#1415 How many of Nostradamus’s predictions have come true?

How many of Nostradamus’s predictions have come true?

How many of Nostradamus’s predictions have come true? The number of Nostradamus’s predictions that have come true depends very heavily on how you want to look at it. If you are asking how many have come true, then the answer is 0. If you are asking how many can be made to sound as though they have come true, then the answer is pretty much all of them.
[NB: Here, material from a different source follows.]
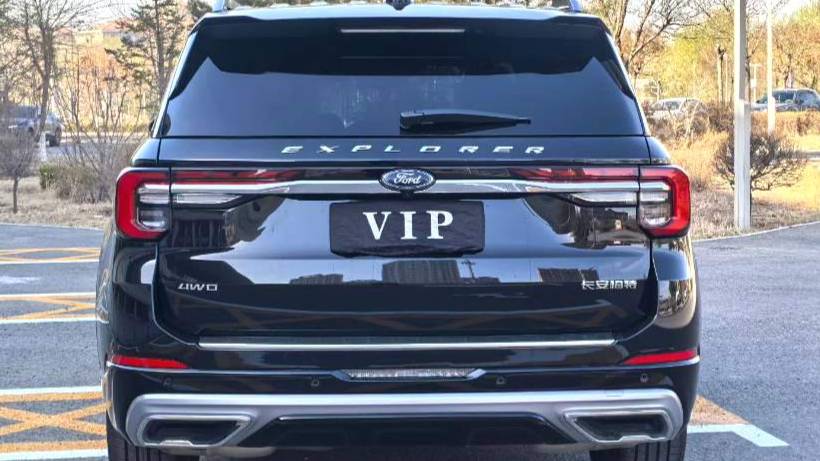 Ford 2024 ‌Explorer 2.3T EcoBoost 4WD Titanium Edition 6-seater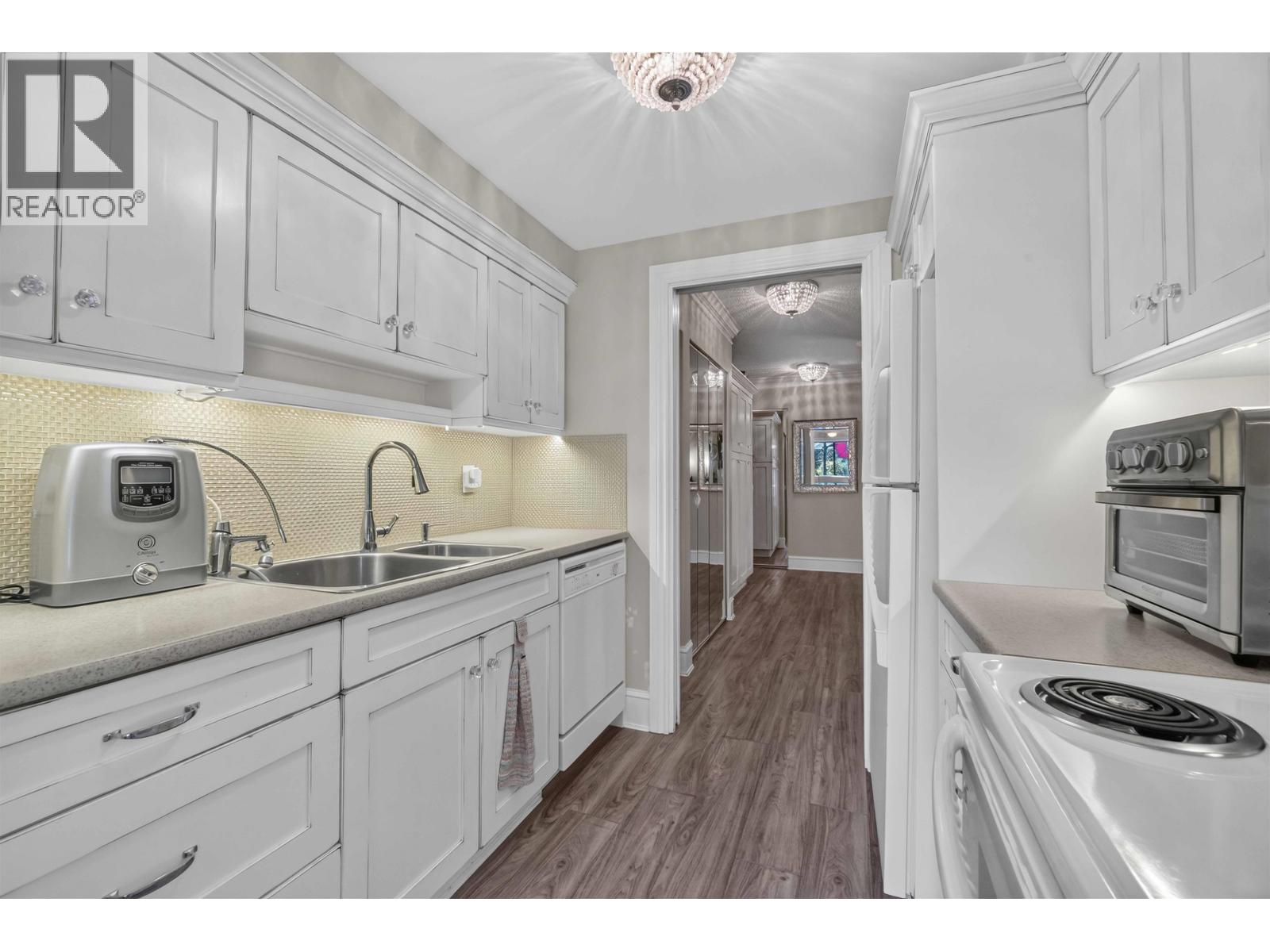 108 1177 Howie Avenue Property Photo 11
Nostradamus was born in France in 1503, and he died there in 1566. His full name was Michel de Nostredame and he worked as an apothecary and then as an astrologer. He wrote several almanacs, which are annual calendars of important dates and statistical information. This is where he started to publish his astrological charts and prophecies. He used the Latin version of his name, “Nostradamus” on the books because he thought it would look better. His almanacs, prophecies, and astrological charts became popular, and he turned into something of a famous occultist. He was hired to write horoscopes for a lot of wealthy and powerful people, even members of various royal families. He had a lot of wealthy benefactors, and he lived a life of luxury. Despite that, he did see a lot of suffering. He lived through two plagues and his first wife, and his children all died. He remarried to a rich widow, and they had six children together.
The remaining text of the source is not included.